In one respect, it’s no wonder that kids have no value on physical product these days. In some towns I’ve lectured there are almost no outlets to purchase a film on disc. Unless one lives in the capital city and has access to Tower Records and a number of small independent stores, the choice available to rural and suburban movie fans is limited to Top Ten DVD chart displays at major retail grocery stores. This means you have your choice of whatever superhero movies came out on disc that month, or perhaps some anonymous teen romance that lasted a week in the multiplex and has now found a space on the supermarket shelf to die an ignoble death.  

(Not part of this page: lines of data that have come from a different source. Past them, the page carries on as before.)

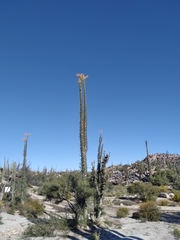 Fouquieria columnaris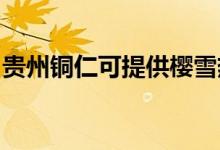 貴州銅仁可提供櫻雪熱水器維修服務地址在哪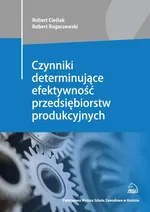 Czynniki determinujące efektywność przedsiębiorstw produkcyjnych - Robert Cieślak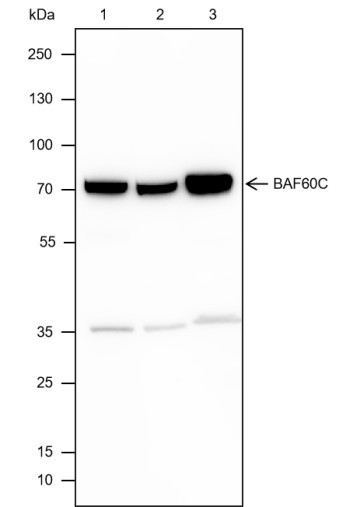 Anti-Recombinant BAF60C, clone A431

Harbingers of doom have been making noise about the demise of physical media for a few years now, pointing to the fall of the video store as a death knell not only for VHS but as a sign of the premature expiry of DVD too. Conversely, I see the home video market as being healthier than ever in terms of the selection on offer and the quality of the product available. Criterion, the vanguard of high quality home video editions, continues to add to its enviable inventory. And since “the decline” a number of boutique, home video companies have come to the fore. You have purveyors such as Shout Factory (US) and Arrow Video (UK), who respectively juggle releasing independent/arthouse works with B-movie franchise sequels, while licensing and re-packaging mainstream titles from major studios such as Universal and MGM. Fans are parting ways with their cash for titles they probably own several times already, with the added incentive being the inclusion of a limited edition poster, an attractive slipcase or steelbook cover, alternative artwork, an exclusive audio commentary, and of course, a high-definition edition of the film that its parent studio would likely never have bothered with the expense of producing.

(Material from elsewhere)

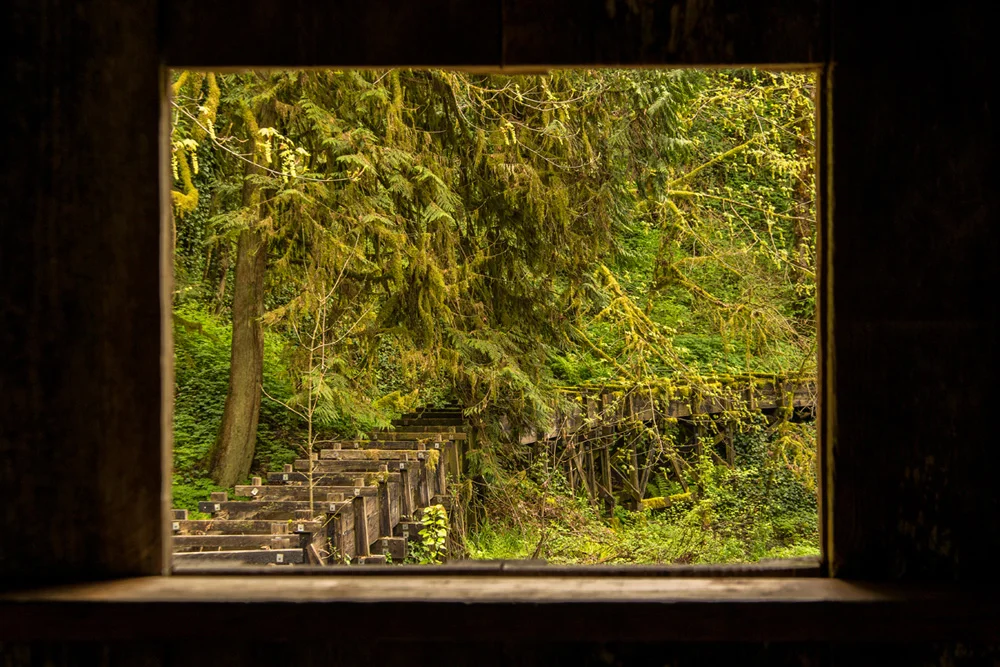 Pacific northwest nx30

Thanks to such companies, it seems that more films are available than ever, perhaps the most comprehensive selections of titles since the advent of video, including films that have never been released on any digital format, or have never been released uncut, which now have access to appreciation. So while this piece may mourn the video store experience, a requiem inflected with a nostalgic tone indulgently owing to the passage of time and youth, I do acknowledge that for serious fans and academics – be they institutional or autodidactic scholars – now is perhaps the golden age of home cinema.  

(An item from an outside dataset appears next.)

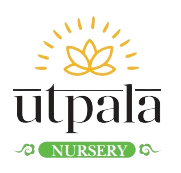 Utpala Nursery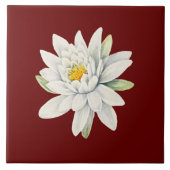 Witte waterlippenbloem tegeltje (Voorkant)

In contemplating briefly here the culture of the VHS emporium and what it meant to those of my generation who found our passion for film amongst the rows of cassette covers, I’ve come to realise that more than any academic institution or text book, the most crucial avenue to film education for me was the video store. Discovering Johnny Suede on tape and becoming a Tom DiCillo fan became a kind of film school in its own right. It was my film school: the video store a substitute for the university library, the VHS tape as instructor, and my living room as lecture hall. It was the culture of the video store that is responsible for giving me a direction in life, to pursue something to do with film, whether it’s teaching film studies, curating film programmes, or writing articles and books. For that, I salute Johnny Suede and Tom DiCillo. Oh, and He-Man.